** MATERIAL SUPPLIED follows **

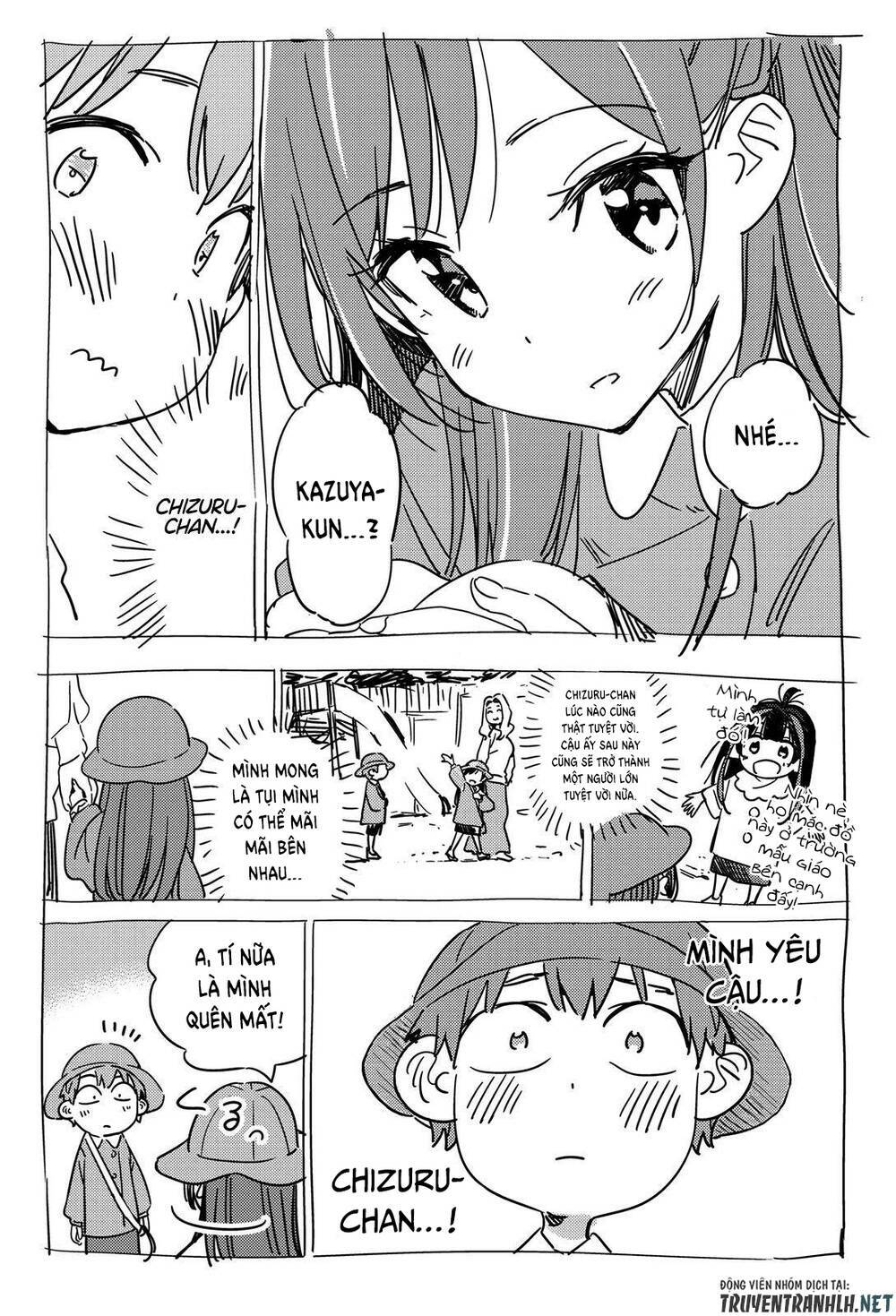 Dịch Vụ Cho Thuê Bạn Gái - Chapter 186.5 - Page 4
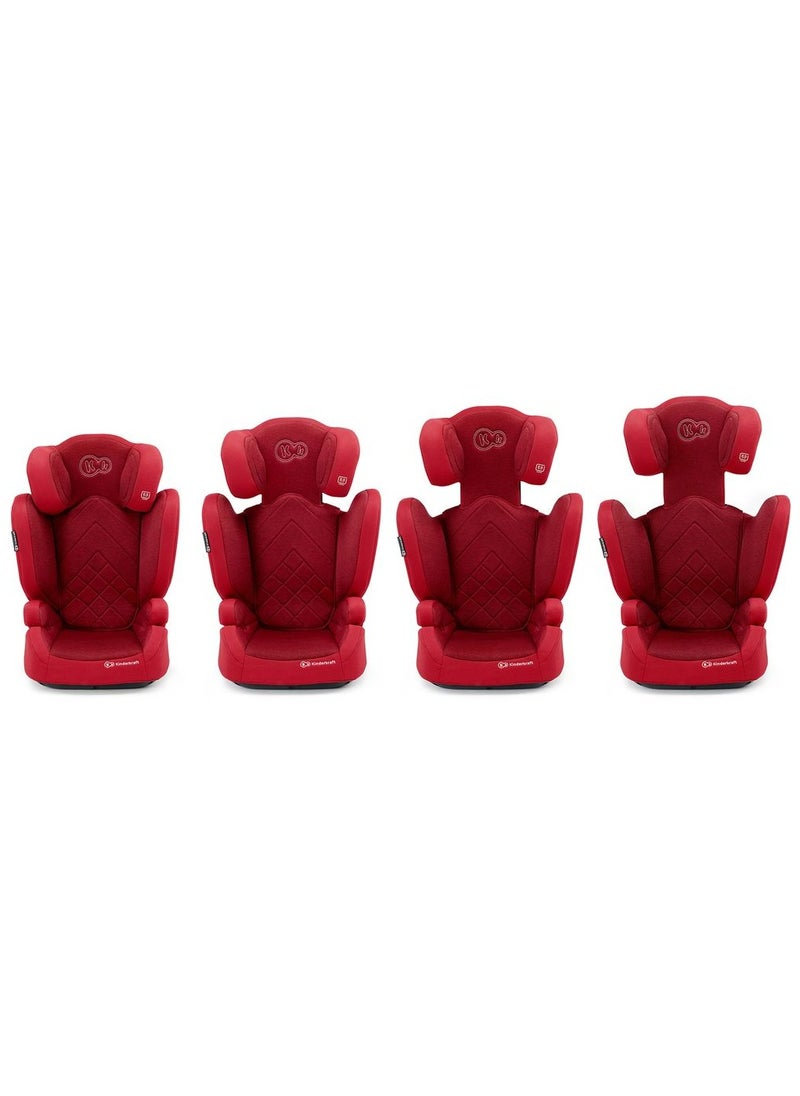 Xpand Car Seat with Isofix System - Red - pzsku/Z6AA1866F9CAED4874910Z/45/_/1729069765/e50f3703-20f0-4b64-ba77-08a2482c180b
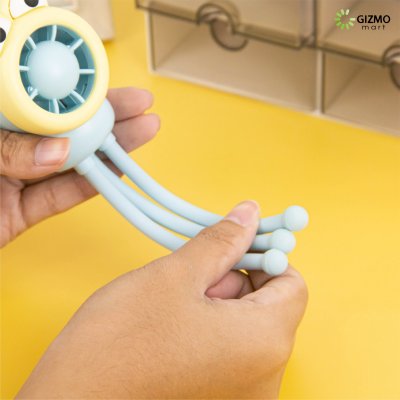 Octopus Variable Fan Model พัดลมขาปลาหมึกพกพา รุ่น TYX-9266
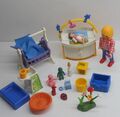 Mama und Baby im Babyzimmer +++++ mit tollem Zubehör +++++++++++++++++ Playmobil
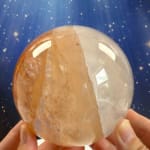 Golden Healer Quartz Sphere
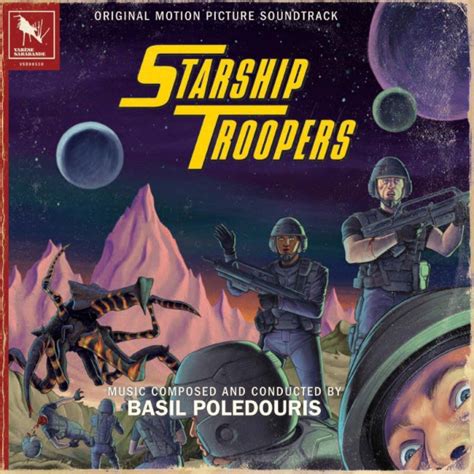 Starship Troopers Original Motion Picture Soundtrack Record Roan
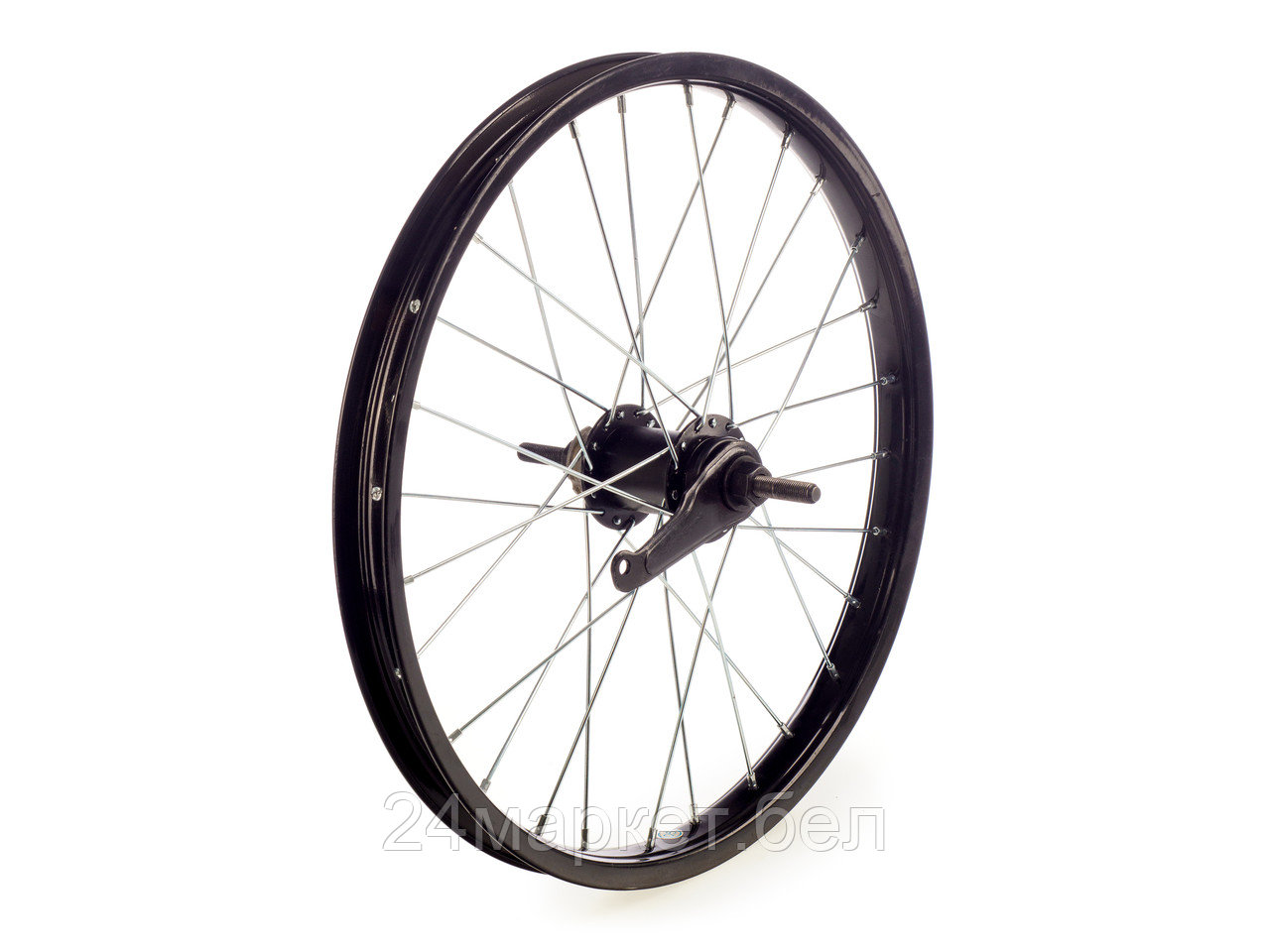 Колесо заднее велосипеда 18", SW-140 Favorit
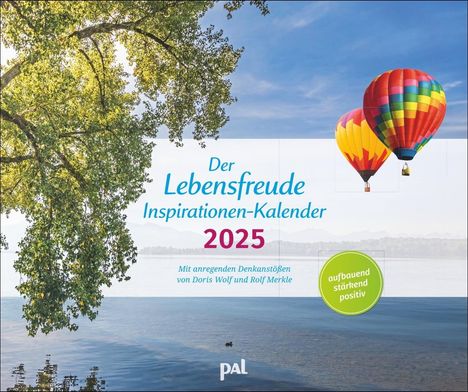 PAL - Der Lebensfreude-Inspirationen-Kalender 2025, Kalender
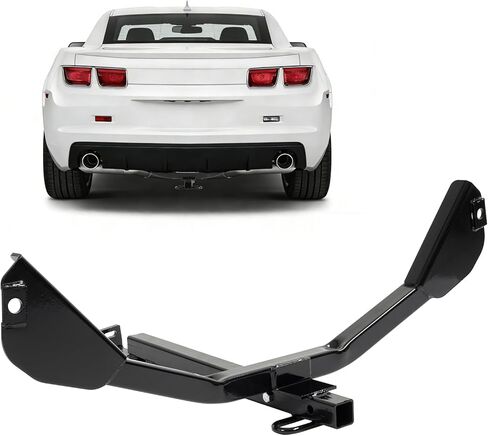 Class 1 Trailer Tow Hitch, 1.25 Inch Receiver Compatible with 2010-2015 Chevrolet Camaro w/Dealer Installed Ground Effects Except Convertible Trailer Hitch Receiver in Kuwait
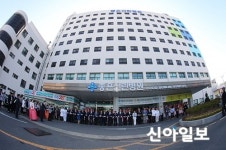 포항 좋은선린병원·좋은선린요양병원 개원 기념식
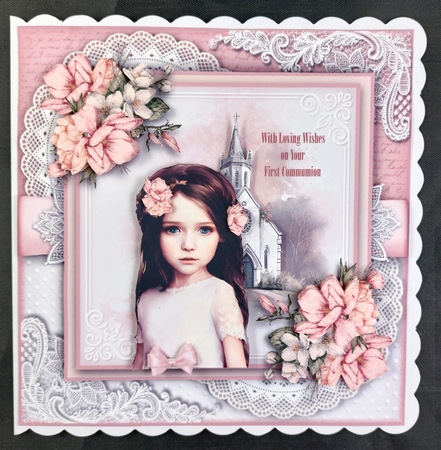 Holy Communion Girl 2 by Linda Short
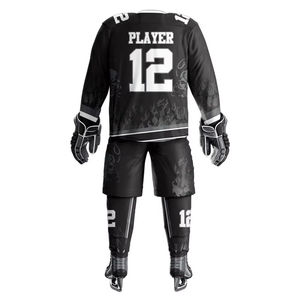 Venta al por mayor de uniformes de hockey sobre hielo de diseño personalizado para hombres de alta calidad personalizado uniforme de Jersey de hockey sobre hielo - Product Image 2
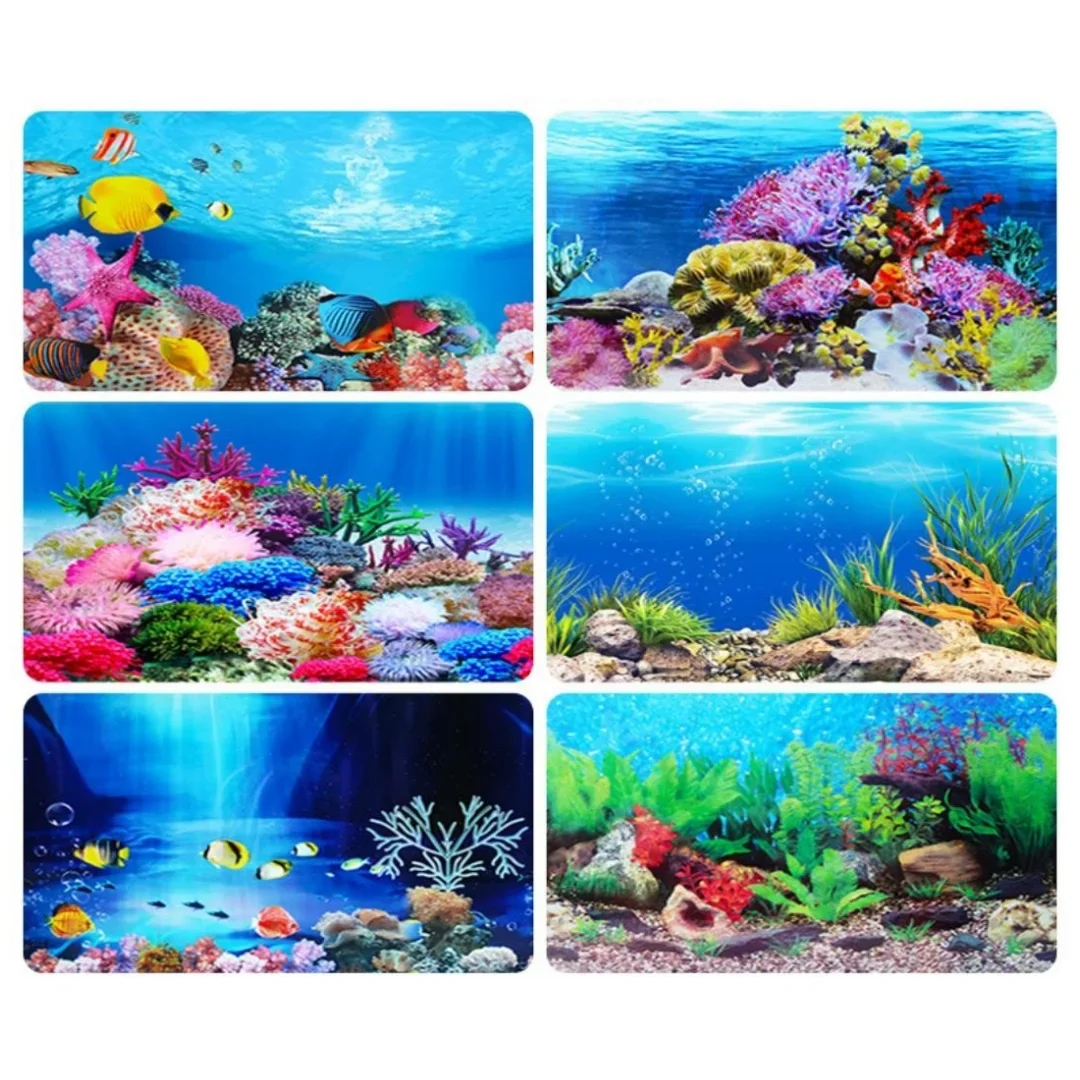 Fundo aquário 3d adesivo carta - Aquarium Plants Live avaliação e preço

** End of MATERIAL SUPPLIED **

• **ACTIVITY**
Copy the lines above between the one holding "Golden Healer Quartz Sphere" and the one holding "PAL - Der Lebensfreude-Inspirationen-Kalender", inclusive. Drop the pictures.

• **OUTPUT FOR THIS EXERCISE**
 Golden Healer Quartz Sphere
 Starship Troopers Original Motion Picture Soundtrack Record Roan
 Колесо заднее велосипеда 18", SW-140 Favorit
 PAL - Der Lebensfreude-Inspirationen-Kalender 2025, Kalender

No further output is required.